Enable threaded I/O on redis persistent in gprd

Production Change

Change Summary

The change will enable threaded IO on redis persistent in gprd.

See https://gitlab.com/gitlab-com/gl-infra/infrastructure/-/issues/12625.

Change Details

Services Impacted - redis persistent
Change Technician - @igorwwwwwwwwwwwwwwwwwwww
Change Criticality - C2
Change Type - ConfigurationChange
Change Reviewer - @mwasilewski-gitlab
Due Date - 2021-03-10 12:00:00 UTC
Time tracking - 1h
Downtime Component - Some writes will be lost during failover, reads will remain available.

Detailed steps for the change

Preparation

set production change issue in env vars below

Setup env

export gitlab_env=gprd
export gitlab_project=gitlab-production
export gitlab_redis_cluster=redis
export gitlab_production_change=3883

export redis_cli='REDISCLI_AUTH="$(sudo grep ^requirepass /var/opt/gitlab/redis/redis.conf|cut -d" " -f2|tr -d \")" /opt/gitlab/embedded/bin/redis-cli'

export hosts=$(seq -f "${gitlab_redis_cluster}-%02g-db-${gitlab_env}" 1 3)

Dashboard
- https://dashboards.gitlab.net/d/redis-main/redis-overview?orgId=1&from=now-6h%2Fm&to=now%2Fm&var-PROMETHEUS_DS=Global&var-environment=gprd&var-stage=main&var-sigma=2

Logs

# source env vars
echo multitail $(echo $hosts | xargs -n1 -I{} echo -l \'ssh {}.c.${gitlab_project}.internal sudo tail -F /var/log/gitlab/redis/current\')
echo multitail $(echo $hosts | xargs -n1 -I{} echo -l \'ssh {}.c.${gitlab_project}.internal sudo tail -F /var/log/gitlab/sentinel/current\')

Silence alert name RedisReplicasFlapping for 90 minutes

Disable chef

cd chef-repo
knife ssh "roles:gprd-base-db-redis-server-single AND chef_environment:gprd" "hostname"
knife ssh "roles:gprd-base-db-redis-server-single AND chef_environment:gprd" "chef-client-disable 'see production change $gitlab_production_change'"

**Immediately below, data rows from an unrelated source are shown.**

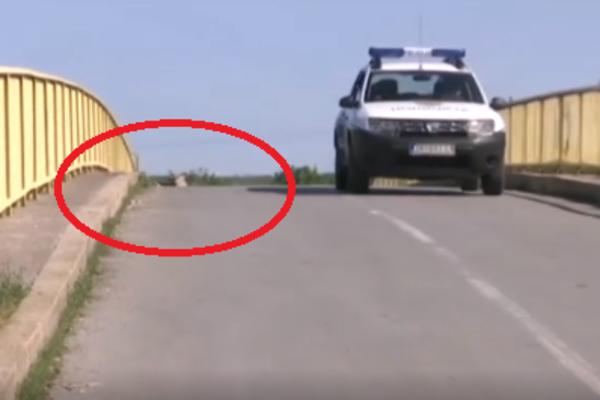 U OVOM ZAMOTULJKU PRONAĐENO JE 5 BOMBI, ZATVORENO JE CELO SELO! Zna se ko je ostavio to na mostu kod Begeja?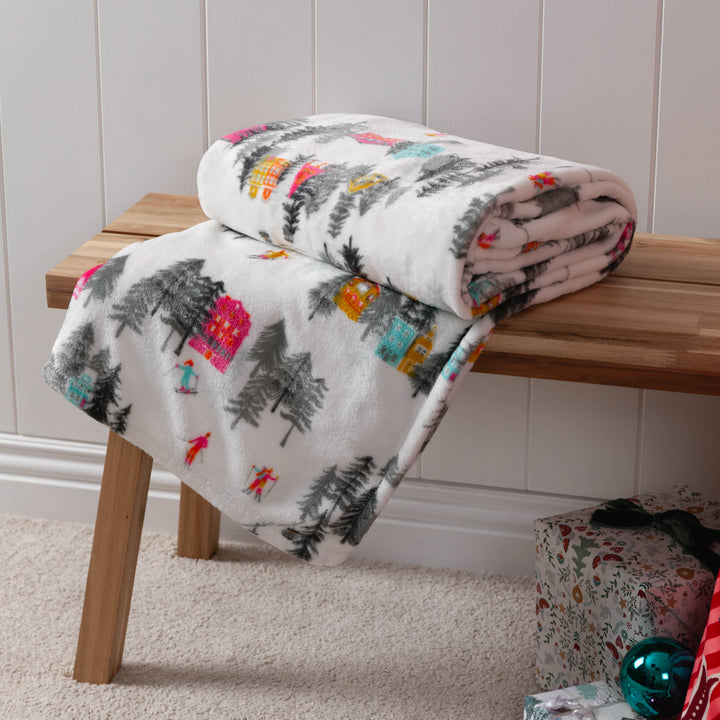Aspen 130x150 Throw Snow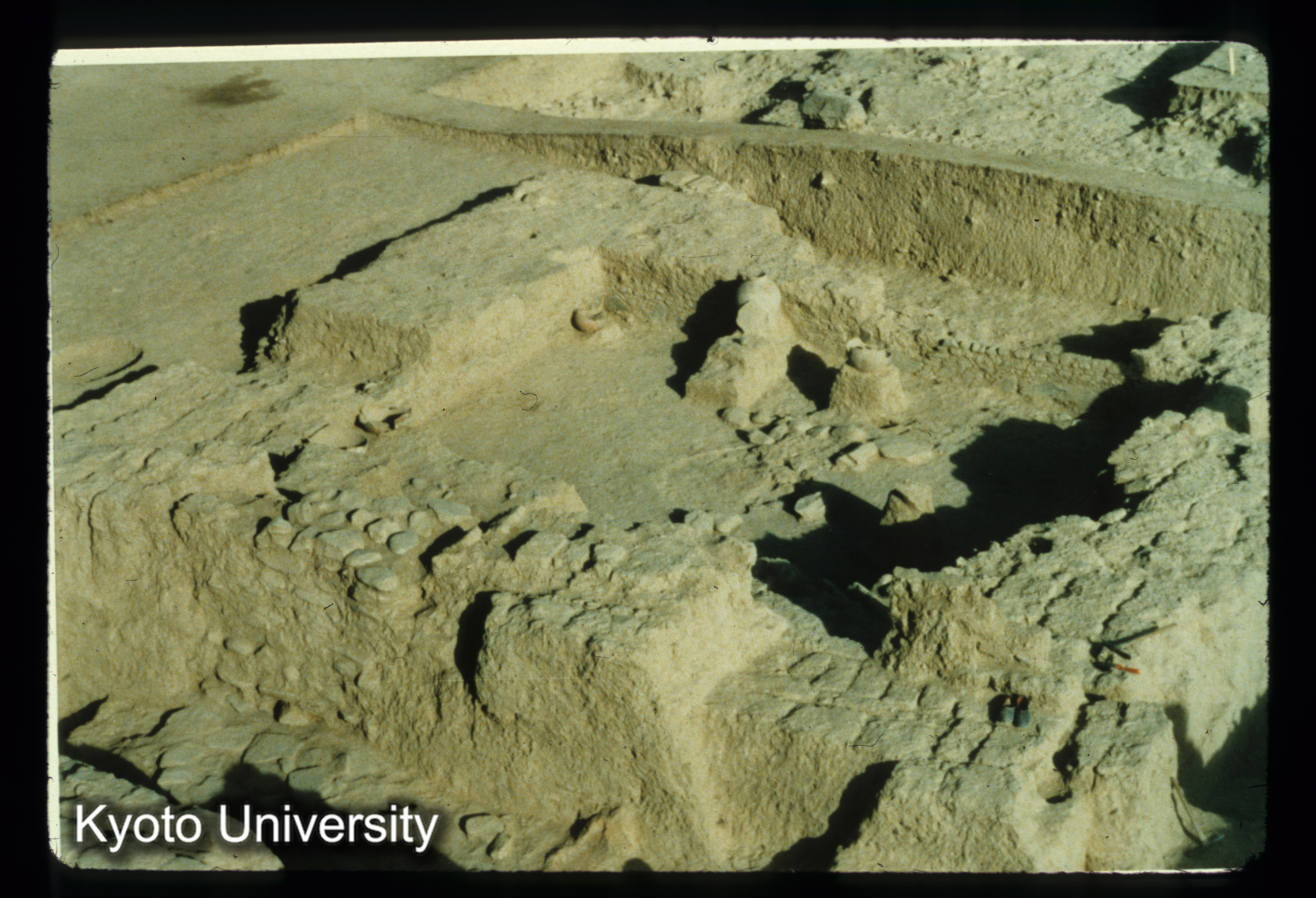 A75_Skandar Tepe BuildingI ヴォールト建物 1978発掘了 (1)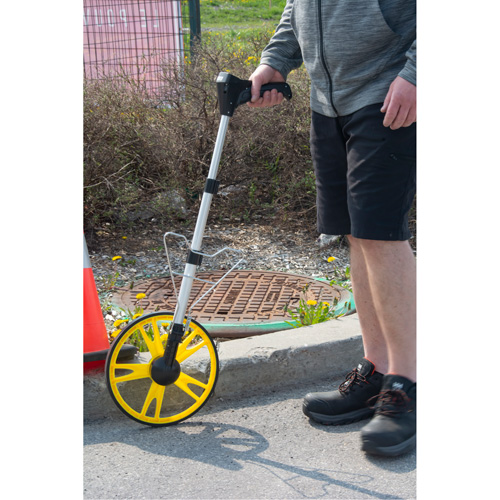 Digital Distance Measuring Wheel, 12.5"/31.8 cm, 99999.9 m Range, Feet/Metres Sidevic Inc.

Capture performance data BEFORE the change

capture flamegraphs

# find master
echo $hosts | xargs -n1 -I{} ssh "{}.c.${gitlab_project}.internal" 'hostname; '$redis_cli' role | head -n1; echo'

# select master
export i=xx
export fqdn="redis-$i-db-${gitlab_env}.c.${gitlab_project}.internal"

# capture perf profiles on master
ssh $fqdn "sudo perf record -a -g --freq 99 -o perf.data -- sleep 120"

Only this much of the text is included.